Consideravam-se criminosos. Estavam cooptados pela cultura criminal nascida espontaneamente nas instituições para menores de idade infratores do Estado. Aquela era a única defesa. A promessa incrustada no fundo da alma de que alguém haveria de pagar por todo aquele sofrimento. O ódio aos “otários”, ao “Zé povinho”, os unia e gerava forças para tudo resistir. Futuro era negro. Prisão e morte faziam parte do cardápio.

Os riscos eram imensos. Mas aquela vida pela metade, cortada por desejos insatisfeitos, já era impossível. Não havia como suportá-la mais. Havia um delírio que os extraia da dor, misturando suas almas na febre dos olhares. Namoravam-se longamente, mas conversavam pouco. Não podiam despertar suspeitas. Escreviam cartas, criavam códigos e aprendiam a falar e ouvir com os olhos.

Toda emoção que os sufocava no silencio, os tornava vivos também. Procuravam os cantos, as mãos tremiam de ansiedade pela carne do outro. Os lábios ficavam moles na presença. Sonhavam com o outro e procuravam dormir em camas próximas para tomarem banho juntos. Era perigoso. Os guardas vigiavam, os companheiros suspeitavam.
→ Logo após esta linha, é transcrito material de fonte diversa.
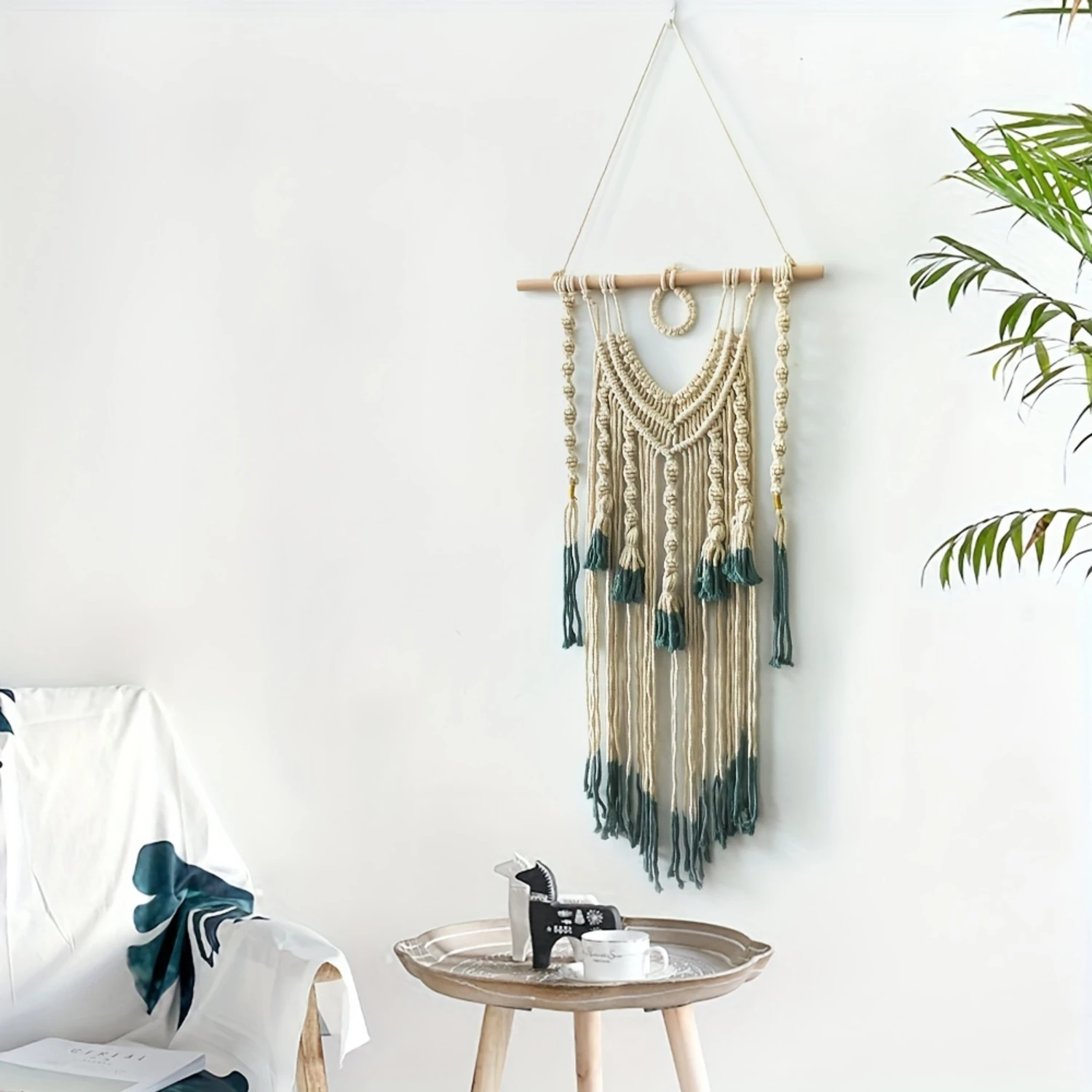 1pc Bohemian Tapestry Green And Beige Woven Tapestry With Tassel, Macrame Wall Hanging For Bedroom Living Room  Decor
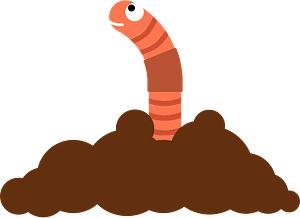 Earthworm in the dirt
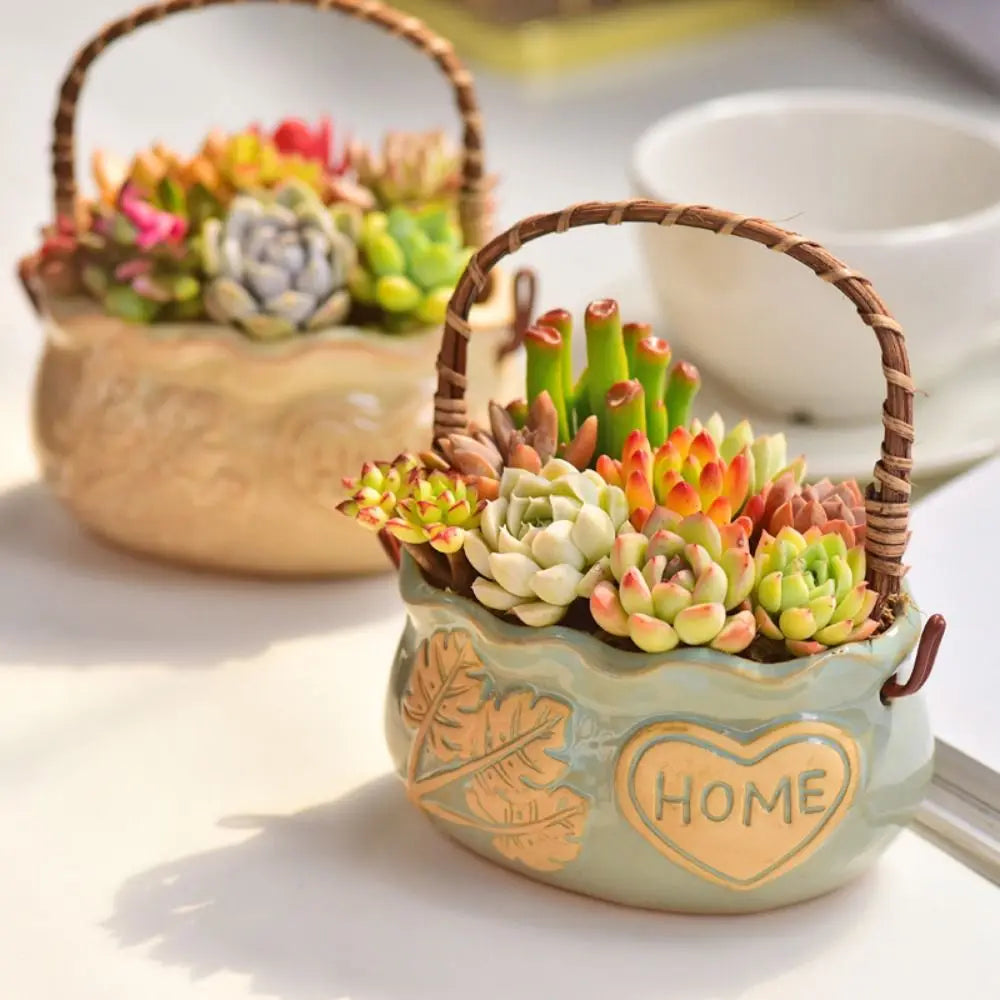 Corrosion-resistant Ceramic Succulent Planter Decorative Breathable Creative Flower Pot With Handle Nordic Flowerpot Ornament Oasis Select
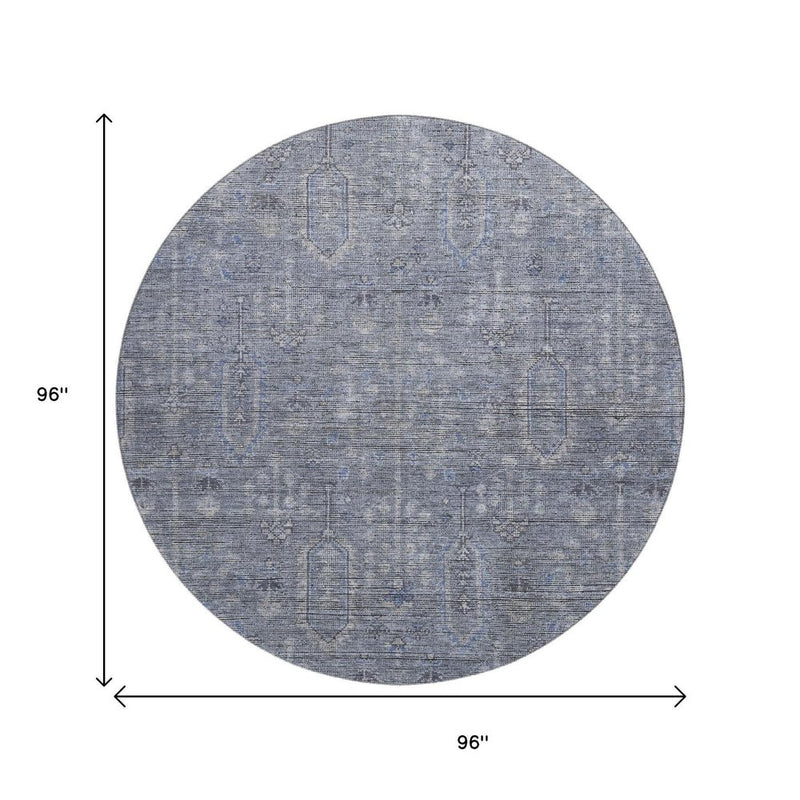 8' Blue And Gray Southwestern Washable Round Rug With UV Protection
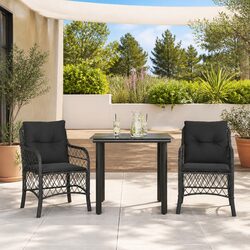 Friendly 3-Piece Bistro Set with Cushions for Your Garden
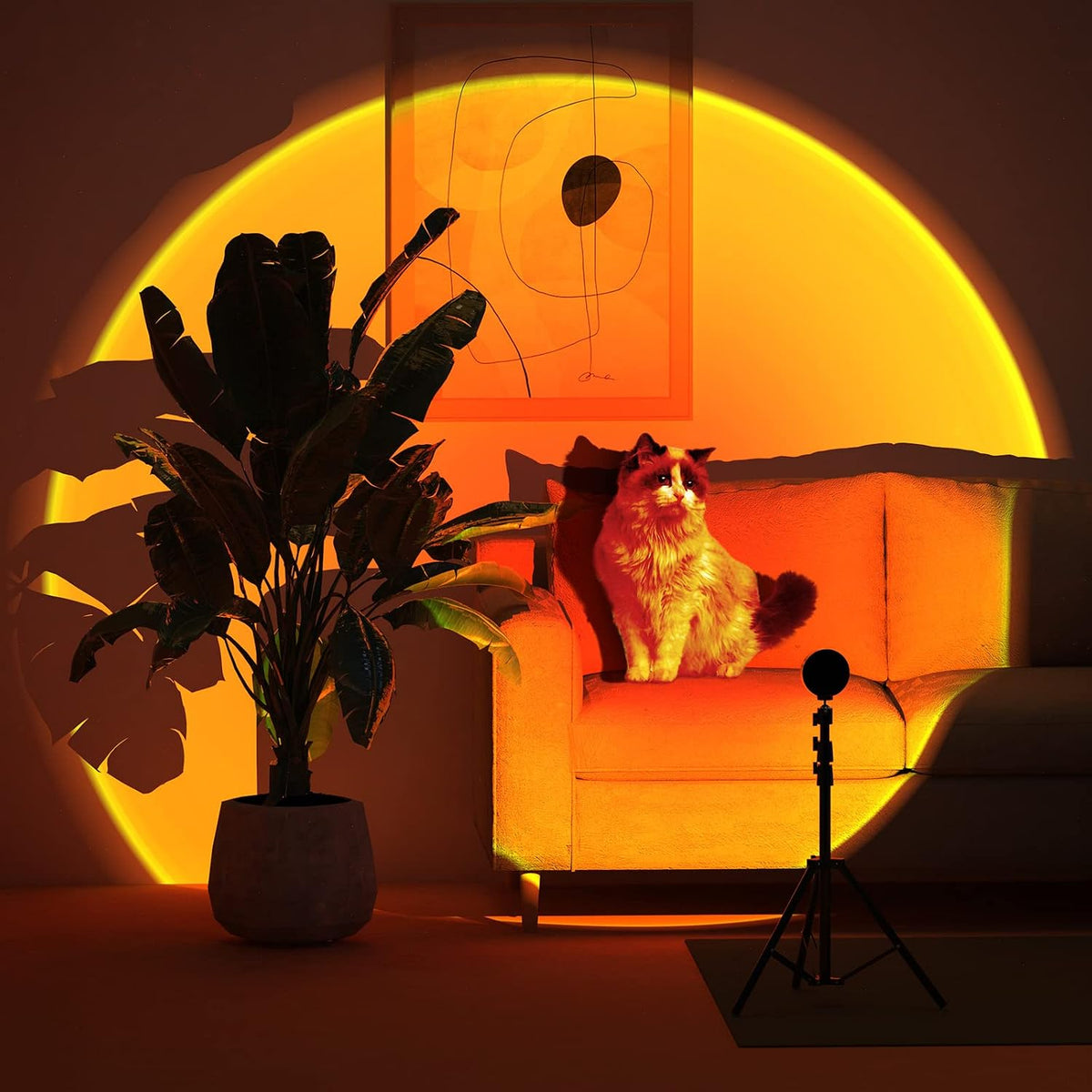 Balkwan Sunset Lamp Projection Rotation Rainbow Lamp Led Romantic Visual Led Light Network Red Light with USB Modern Floor Stand Night Light Living Room Bedroom Decor (Sunset Red)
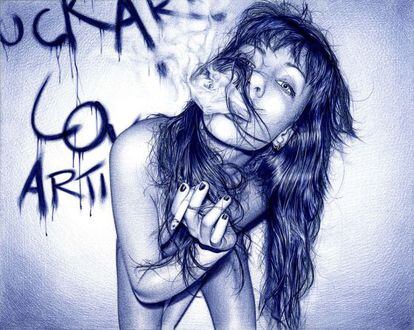 'Irenefuckartloveartist' (2012). Bolígrafo Bic azul sobre papel.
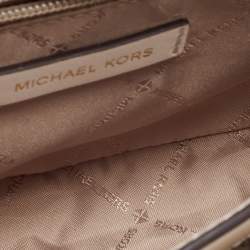 Pre Owned Michael Kors Cream Signature Coated Canvas and Leather Carmen Shoulder Bag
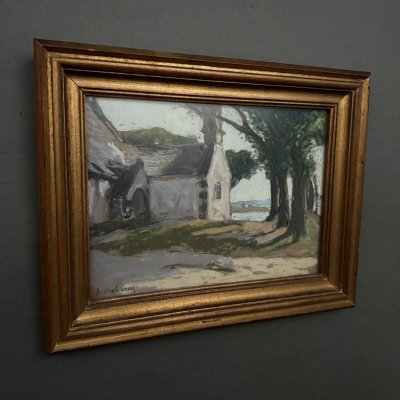 Pastel on cardboard by Désiré Lucas depicting a Morbihan chapel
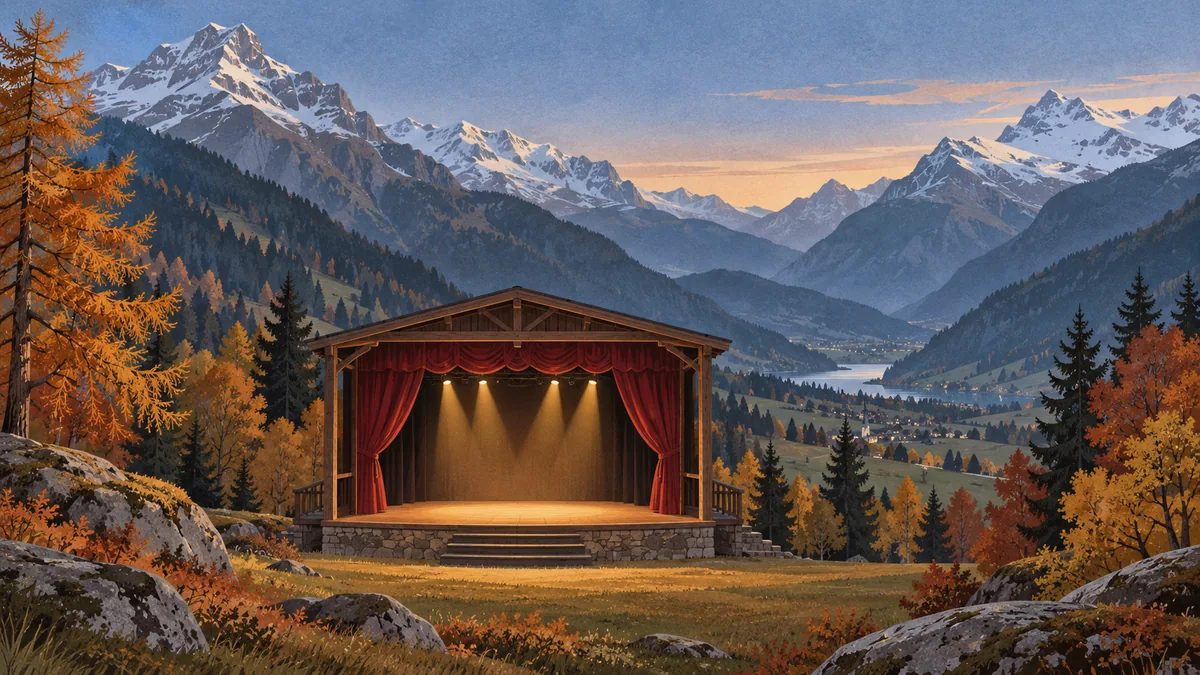 Herbstferienkurs Theater in Ilanz (9-15 Jahre) — Image illustrative générée par IA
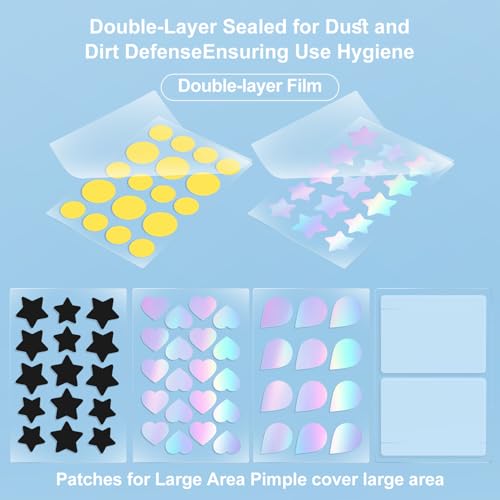 Hydrocolloid Pimple Patches 300 Count with Cute Mirror Case - FUANKANG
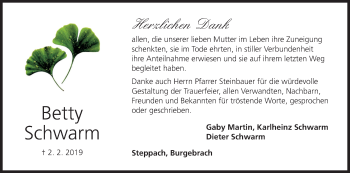 Anzeige von Betty Schwarm von MGO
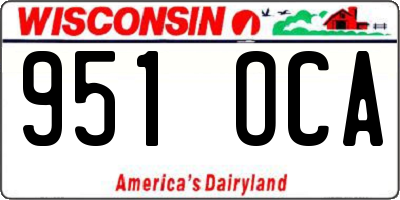 WI license plate 951OCA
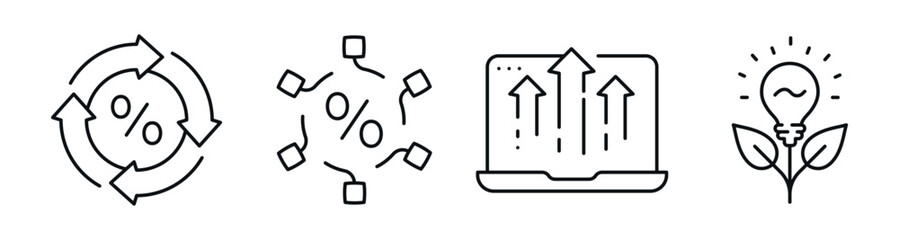 Fototapeta na wymiar Percent and growth icons depicting increase recycling and ideas. Editable stroke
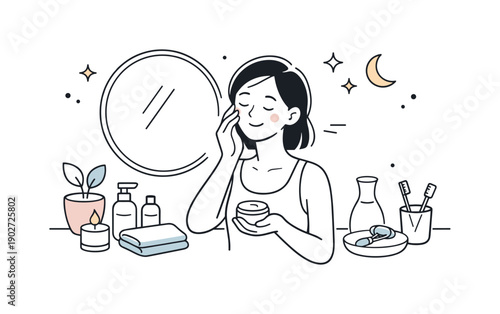 Evening self-care ritual. A person applying skincare or face cream in front of a mirror with a relaxed expression. Cozy, gentle atmosphere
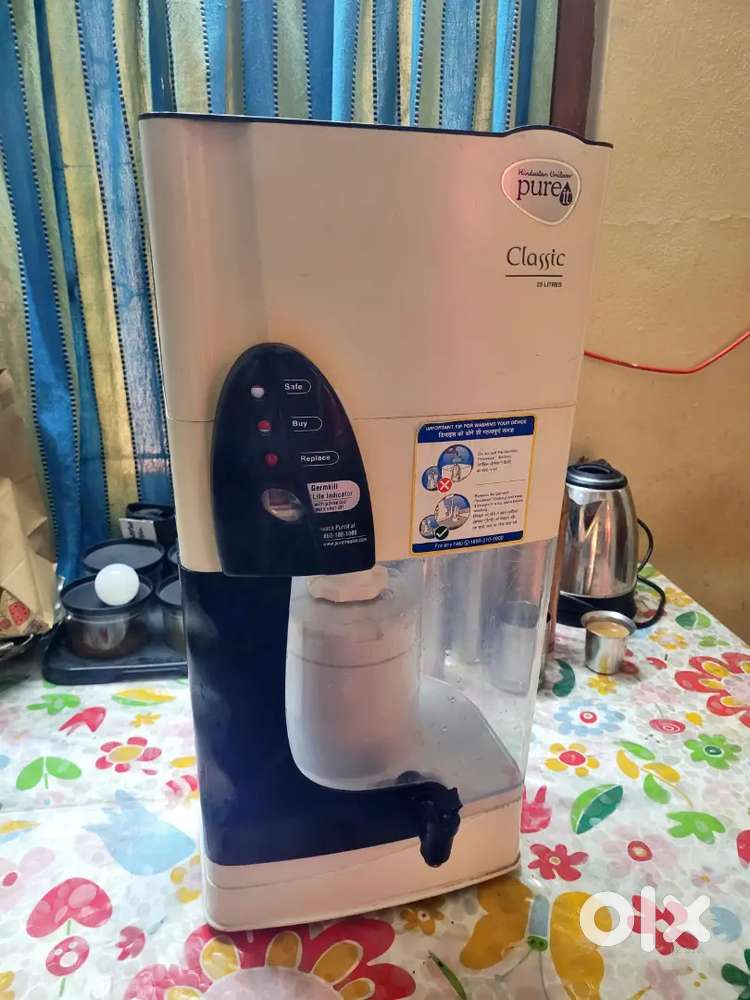 Pureit classic 23 litres water filter with one unused battery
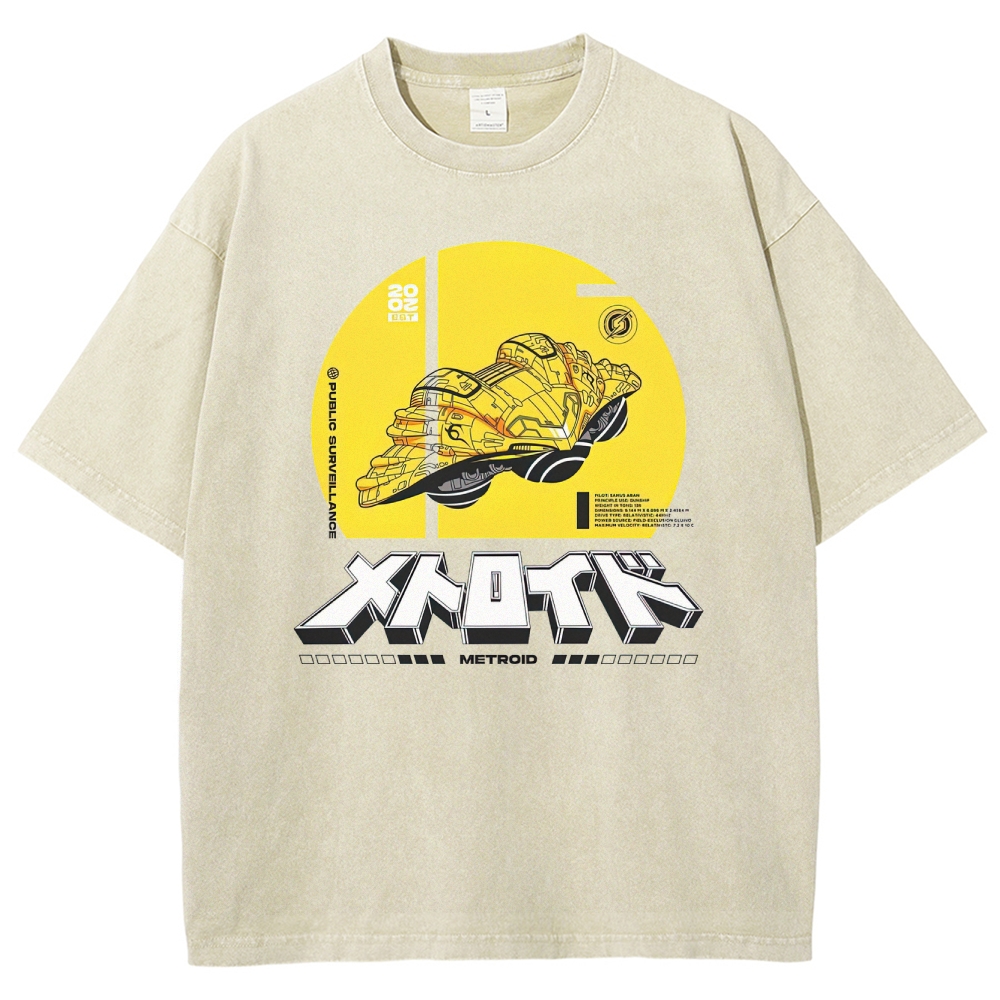 Public Surveillance Metroid Vehicle Graphic Washed T-Shirt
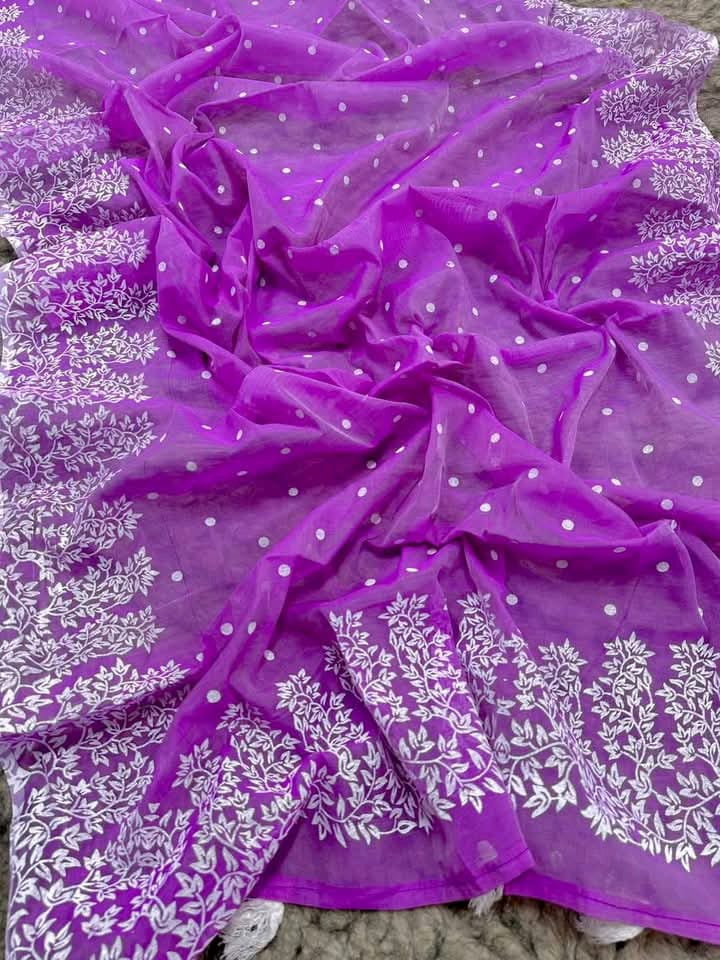 Half silk block print sharee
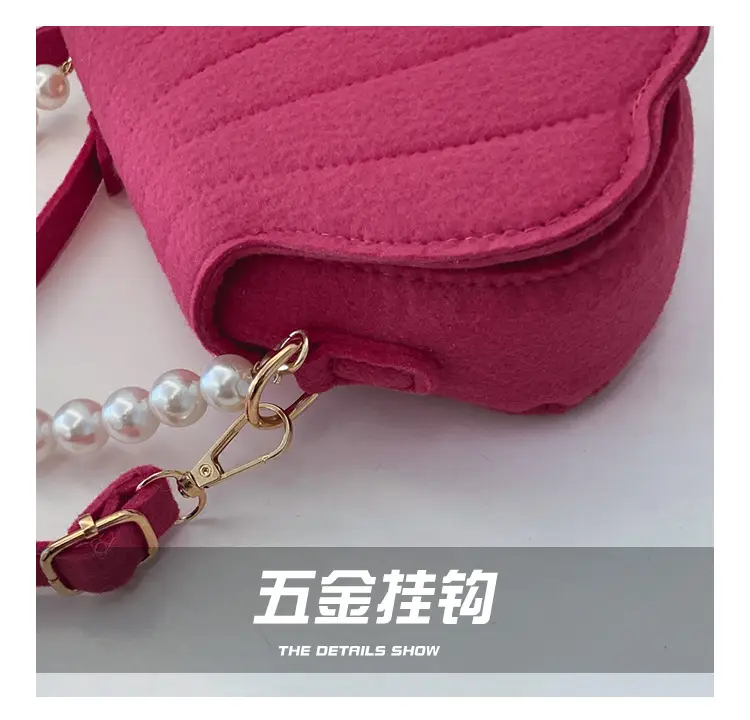 Pink Pearl Embellished Crossbody Bag for Women — feature 5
Quando conseguiam ficar próximos e nus, o perigo era a excitação a denunciá-los. 

Não agüentavam mais. Necessitavam o real. Tudo resvalava e se esvaia nos olhares. Eles se queriam e assumiram os riscos. O desejo pulsava, havia um calor úmido na boca. As emoções se tornaram tão evidentes que já não ligavam mais para a reputação. A proteção mútua com que se cercavam, ruía. O caminho era inevitável, mesmo que custasse tudo.

Só havia um jeito de burlar a vigilância dupla. De madrugada, tentariam. Combinaram: se não desse certo, fugiriam juntos. Tudo era decisão na noite calada. Nas pranchas de madeira do assoalho irregular, o medo e aquilo que não espera, se misturam. Não há carícias na urgência. É um jogo de homens. Exprimem apenas o impossível de exprimir. Esguios em seus corpos juvenis se angustiam na posse de toda aquela natureza comovente. O susto e o receio os excitam ao extremo, foram cedendo. Tudo era para ser aceito, não compreendido.

Varridos pelo abismo do prazer que apontava o infinito, libertam a grande pressão. O deserto de suas almas se enche da solidão universal. Já não bastava a realidade, não havia mais chance ou ocasião a perder.

E quando voltaram às suas camas, tudo mais era sucata do passado. Que decisão tomar? Depois da pequena morte, havia outra forma de considerar todas as coisas. Nada mais era tão implacavelmente necessário do que construir para sempre o que foram por segundos.

Já agora eram insuficientes e incompletos. Estavam surpresos. Não conseguiriam mais ir além sozinhos. Somente com o outro havia significado. Não havia mais lembranças ou previsões. Queriam o mundo nas mãos e não podiam interromper mais.

De manhã cedo saíram do alojamento com as fotos e objetos mais queridos. Enquanto os meninos tomavam o café da manhã para seguirem para a lavoura, eles pulavam o muro atrás da cozinha e corriam pelo pomar. Aquela era mais uma forma de amar que valia a pena.

Composto por Luiz Mendes em 11/05/2004.